The photo above is a post it note on my desk. On the note is a tiny little shard of bamboo. While doing the dishes and cleaning the kitchen the other day, I was washing our bamboo cutting board. As I moved it from one place to another I got that remarkably small sliver of wood in the meaty part of my palm and, holy cow, it hurt! At first I couldn’t see it at all. When running my finger gently over the area where it hurt I could feel a prickle of something, but it was invisible to my eye and, therefor, impossible to remove. The pain subsided and I decided not to worry about it.
When I woke up the next morning and got dressed, the splinter kept getting caught on my various articles of clothes. Again with the pain! How could something so small hurt like this? At least now I could see it, at least a little bit. I had no access to tweezers because I was in front of the computer doing my online teaching job but I had to get this thing out. I couldn’t pinch it between my nails, so I began to get creative. I tried tape, putty, glue, clippers, a needle… It was certainly moving but it took almost an hour before I could finally get it out. When I pulled it I expected it to be somehow larger than I knew it to be. It was still incomprehensible to me that something so small could cause me this much discomfort.

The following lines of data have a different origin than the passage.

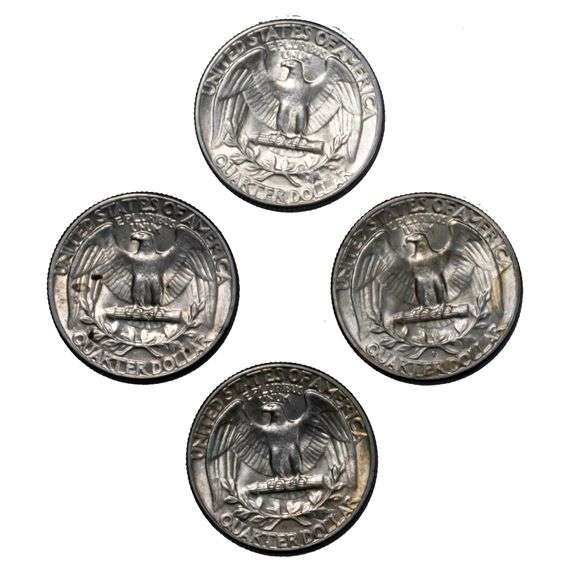 1940 1941 1943 1954 S Mainly Slider Unc Washington Quarters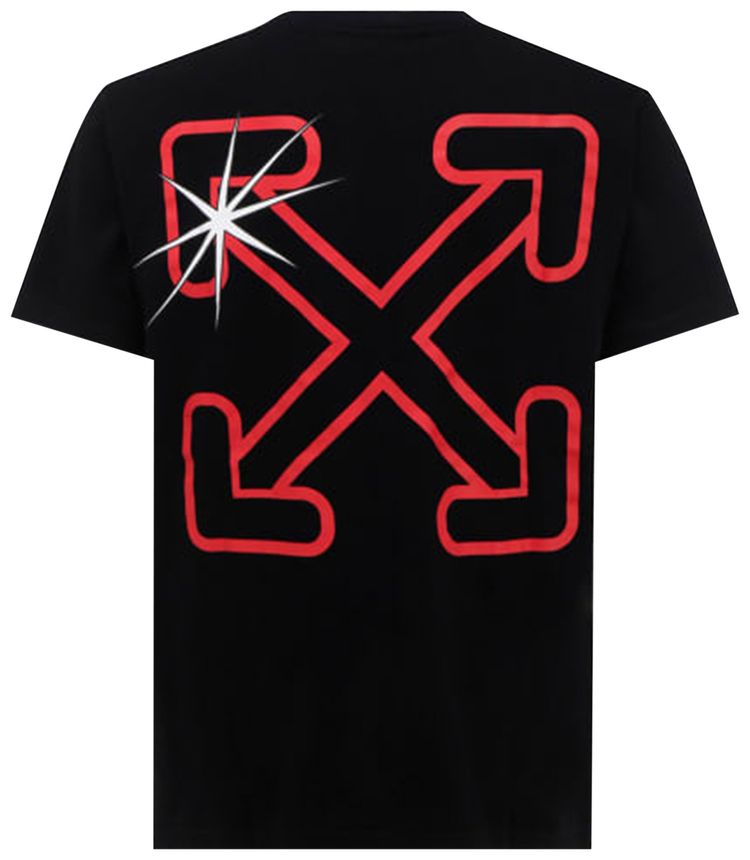 Off White Starred Arrow Slim Tee BlackRed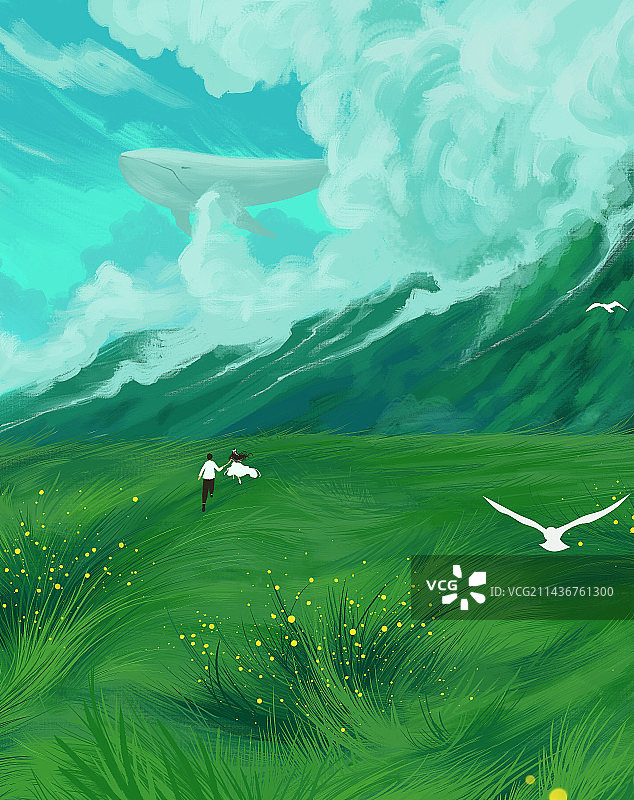 草地奔跑的情侣，户外大草原图片素材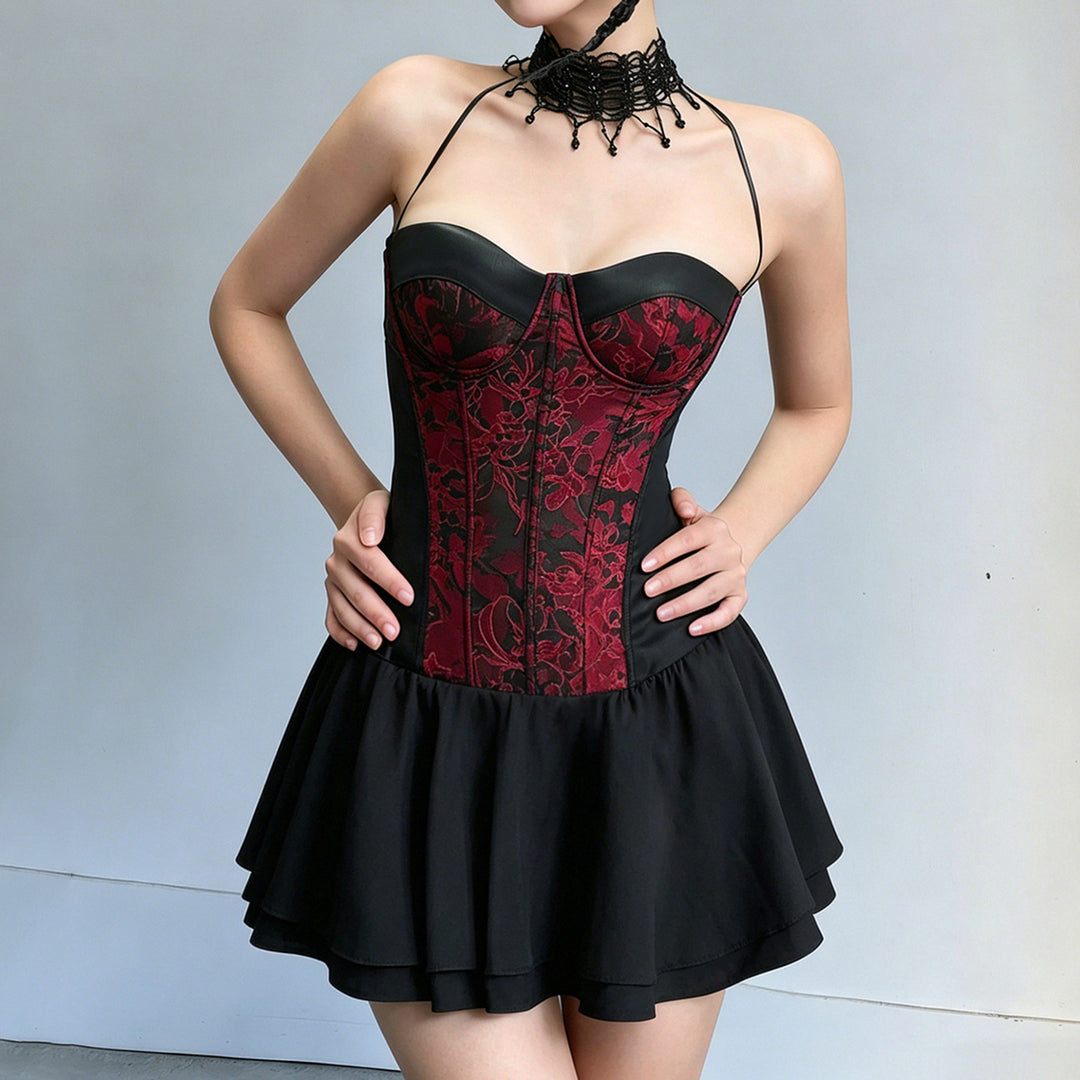 Damen Trägerkleid mit Corsagen-Design und voluminösem Rock Drune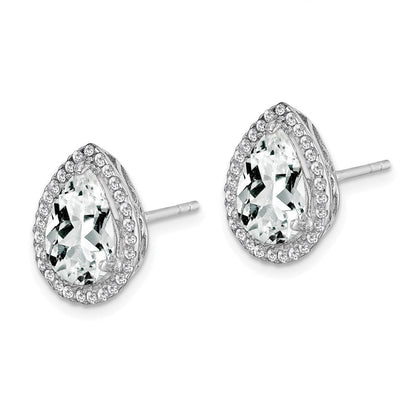 Sterlingsilber Rhodium Erzeugt Weiß Topas & Zirkonia Ohrstecker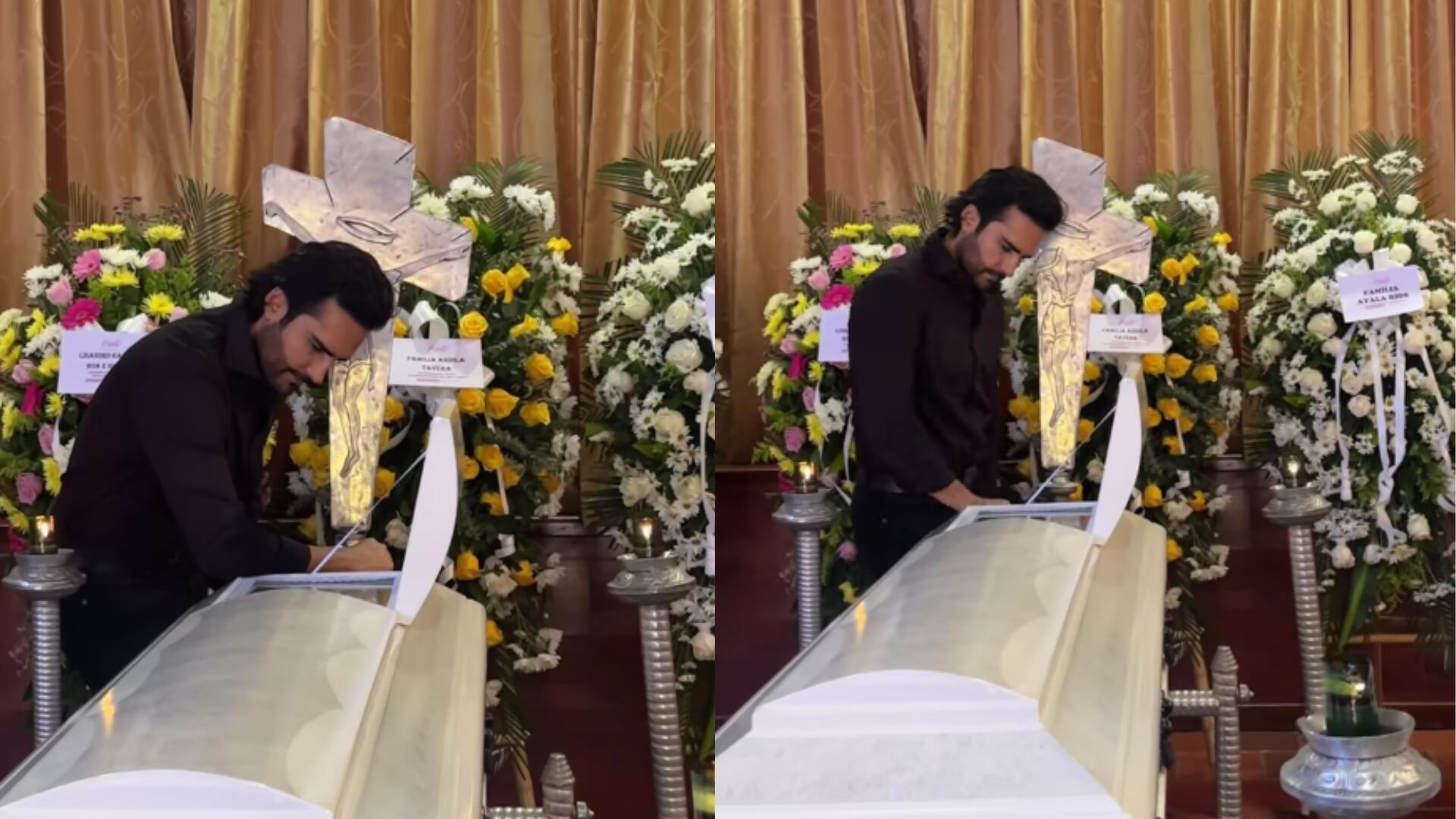 Fabian Ríos en el velorio de su madre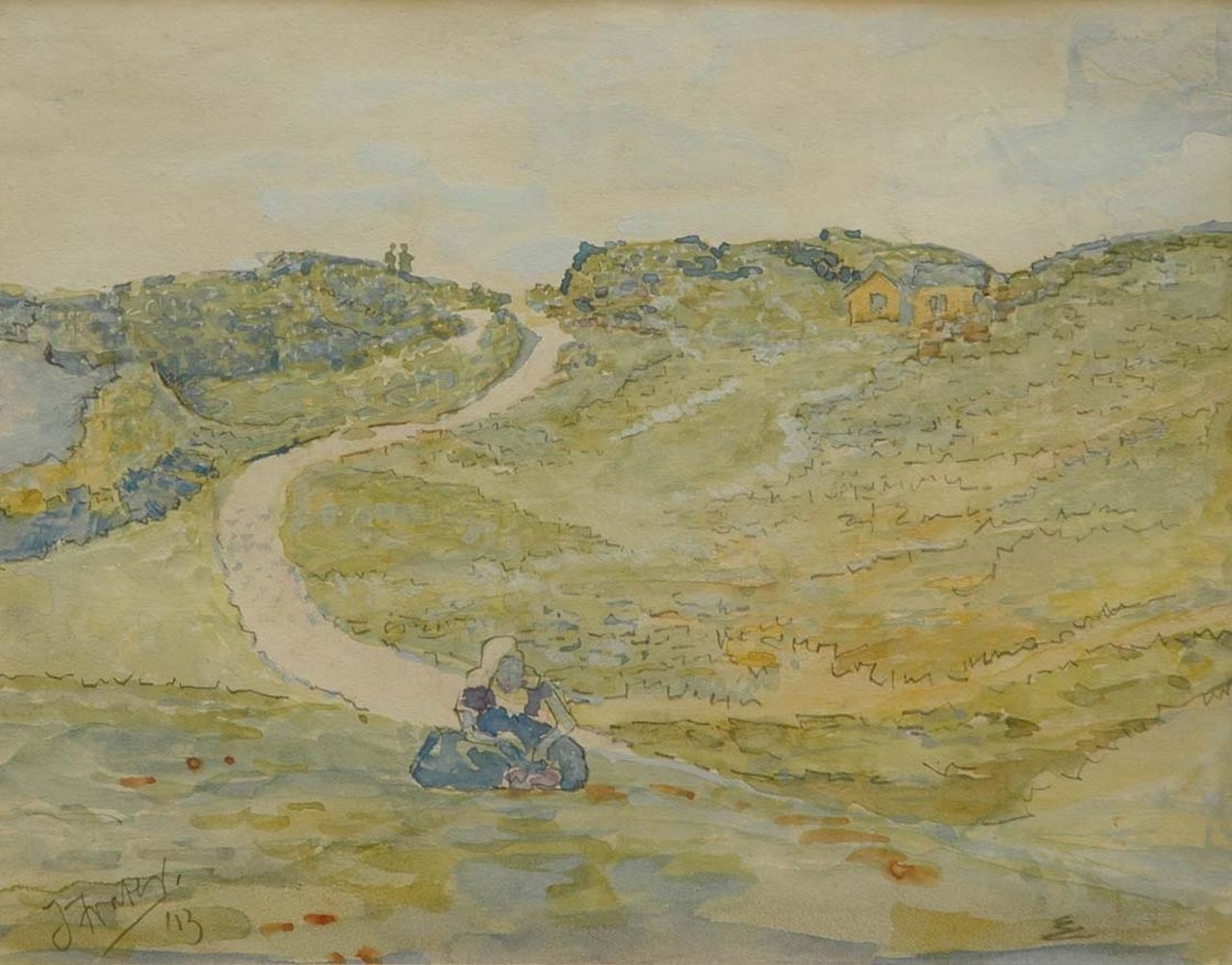 Frater J.W.  | James William 'Jim' Frater, A farmer's daughter in the dunes of Walcheren, Aquarell auf Papier 21,0 x 26,8 cm, signed l.l. und dated '13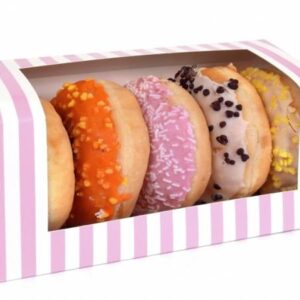 Krabička na donuty 1ks růžovo bílá 185x95x90mm House of Marie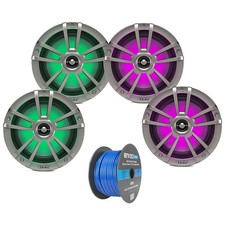 4x Infinity 6.5" 225W Marine Titanium LED Speakers, 16 Gauge 50 Ft Speaker Wire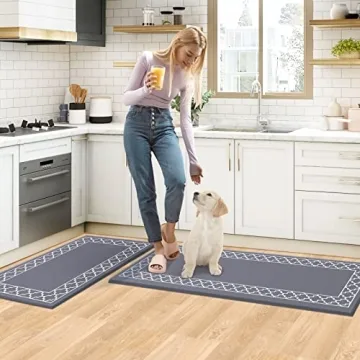 LuxStep Anti-Fatigue Kitchen Mat 2 PCS Memory Foam Grey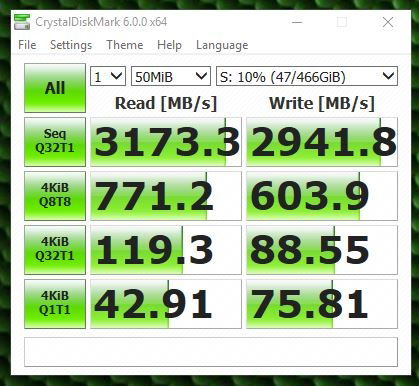 Benchmark Samsung 970 EVO Plus 500GB Crustal Disk Mark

That’s when I started thinking about small things. I asked myself what significant things have happened in my life recently, and what their basic genesis was. I tried to look to see if there was a small thing at the root of these major life events. I started to realize how small the origin of each thing could be. What are the actual “things” that precipitate my life events? Cancer cells. A single ovum. A seed of hope. A split second decision.
When all is said and done, the big things are little things compounded. There are only small things, and they can have a huge impact.